Euclid in mind

19th January 2001 at 00:00
The Greeks were not interested in creating maths just for its own sake, but to give ordinary people confidence to participate in democracy. Greek philosophers and matematicians were interested in looking for things that were always true or sometines true and deciding the conditions which made a sometimes into an always or an always into a sometimes. Geometry is about working with pictures in your head, knowing what is fixed and what it is possible to move. A drawing made on papyrus is only one snapshot (a particular) representing an infinity of possible pictures (the general).

Much of Euclidean geometry can be approached as thought experiments. In the present day we have moving images on a computer but the Ancient Greeks had to create these moving images in their heads. What teachers need to convey to students is the power of working in this way.

One of the objectives of the "design a museum" summer school was to convey Euclid's actual methods of teaching, which included "thought experiments" - working with pictures in your head. For the demonstration, the teacher, in role as Museum Curator, further takes on the part of Euclid. In this double role he talks to the student Museum Designers as Euclid might have addressed his own students students:

"Good morning, everyone.

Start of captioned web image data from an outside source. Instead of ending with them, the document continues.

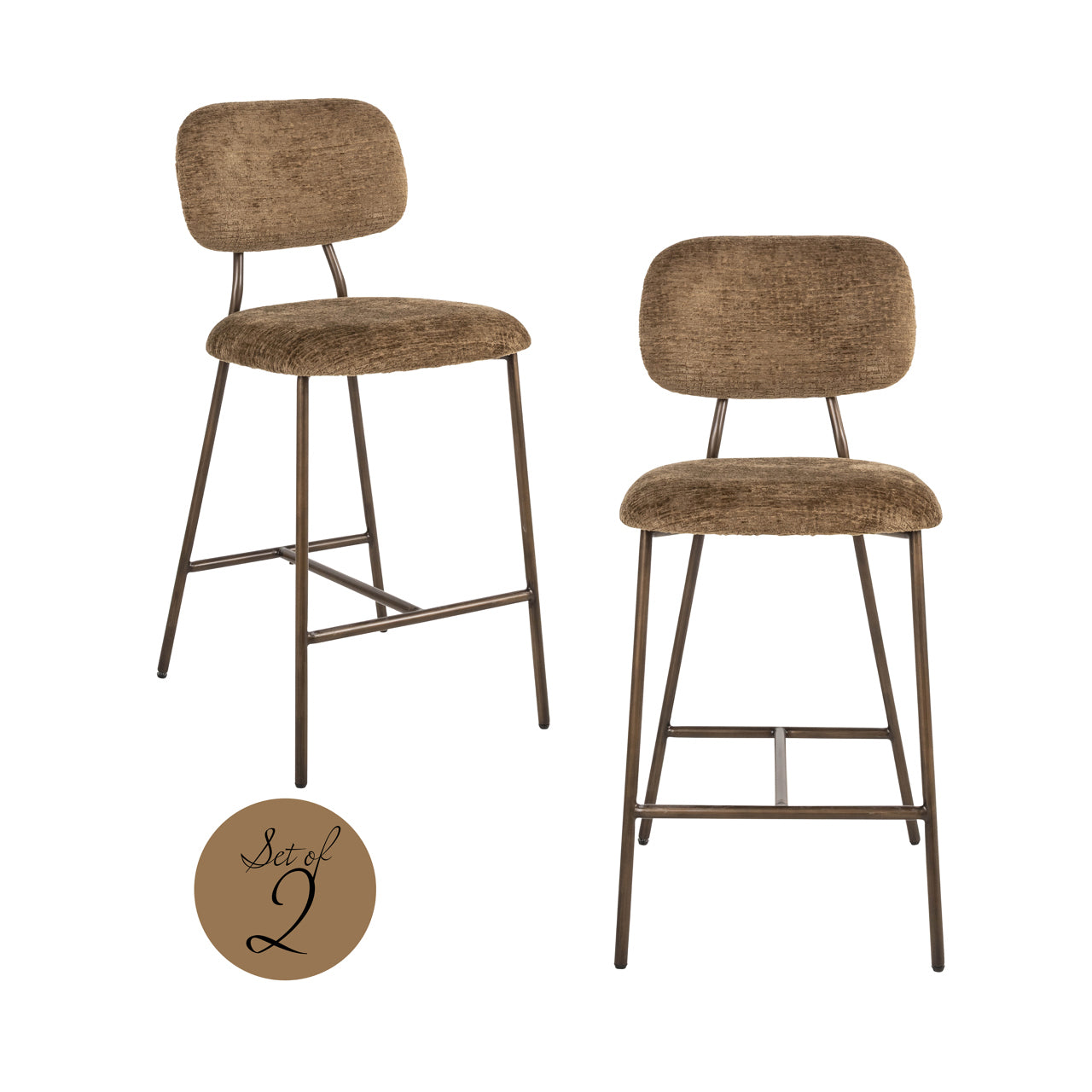Richmond Interiors Thekenstuhl Xenia brandy fusion fire retardant (Set of 2) Thekenstuhl Richmond Interiors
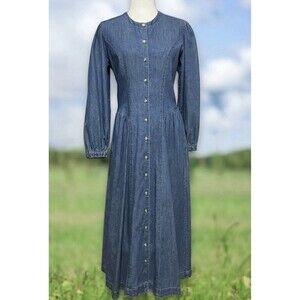 Long Denim Button Front Prairie Dress Vintage Folk Fashion Size 8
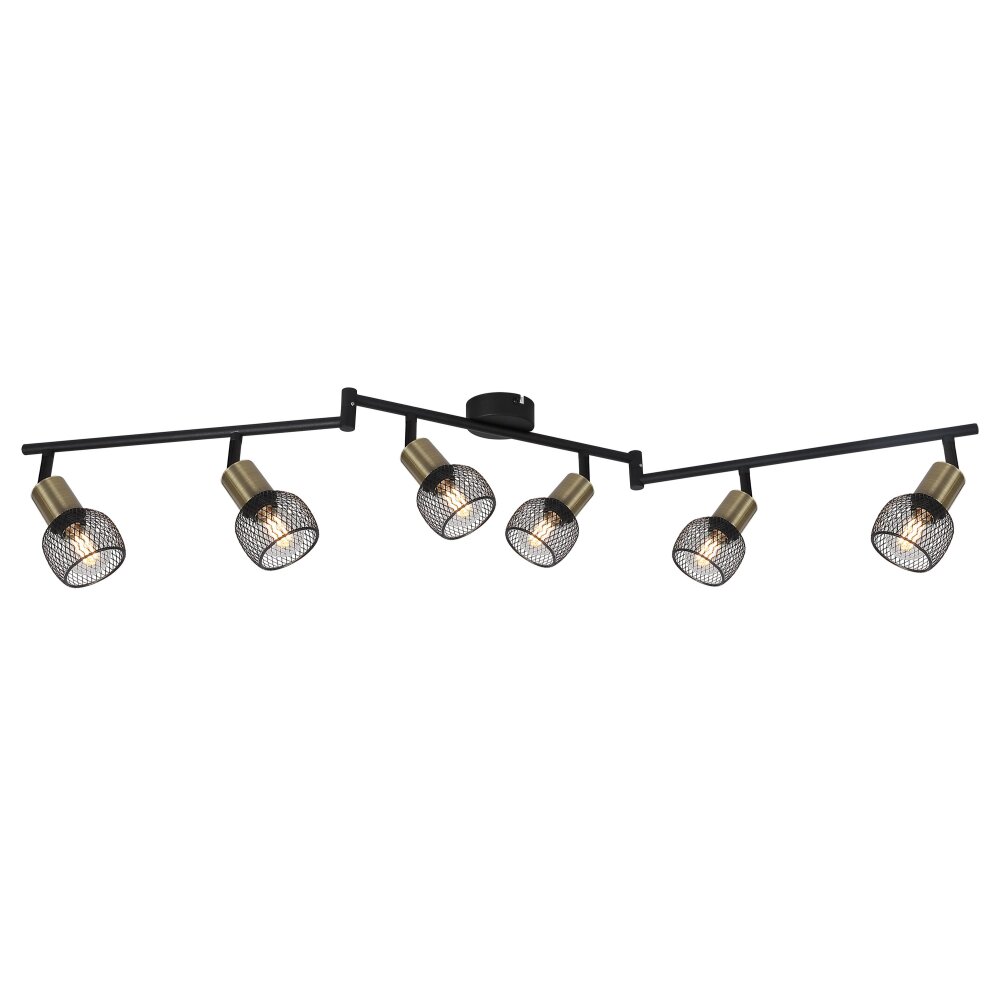 Plafonnier Globo FIASTRA Noir, 6 lumières main product photo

Our Geometry class today will be another thought experiment. Please si comfortably. Place your hands on your knees. Close your eyes. Imagine a rectangle. Make sure you can fix it in space. Imagine a circle around the rectangle. Now fit the rectangle into the circle so that all four corners lie on the circle. Check round the four corners. Is each one touching the circle? Corner 1? Corner 2? Corner 3? Corner 4?

"Now keep your circle the same size but make the rectangle grow thinner and longer, but keep the four corners fixed on the circle. Now make the rectangle grow fatter and shorter, still keeping the corners on your circle. Make it grow and shrink inside your circle. Now stand back from your rectangle and circle picture and ask yourself if it is possible to draw a parallelogram in a circle with all its corners on the circle. Try really hard with the parallelogram. Try to make those corners reach the circle. Is it possible?

"Now open your eyes. Is it true that every rectangle will fit inside the circle? Remember that when we draw in the sand, we draw only one picture; when we draw in our imaginations we can make many pictures."

Students then discussed this as a possible way of demonstrating to museum visitors the importance to the Greeks of working with the imagination. Was it clear? Would people who didn't know anything about geometry understand it?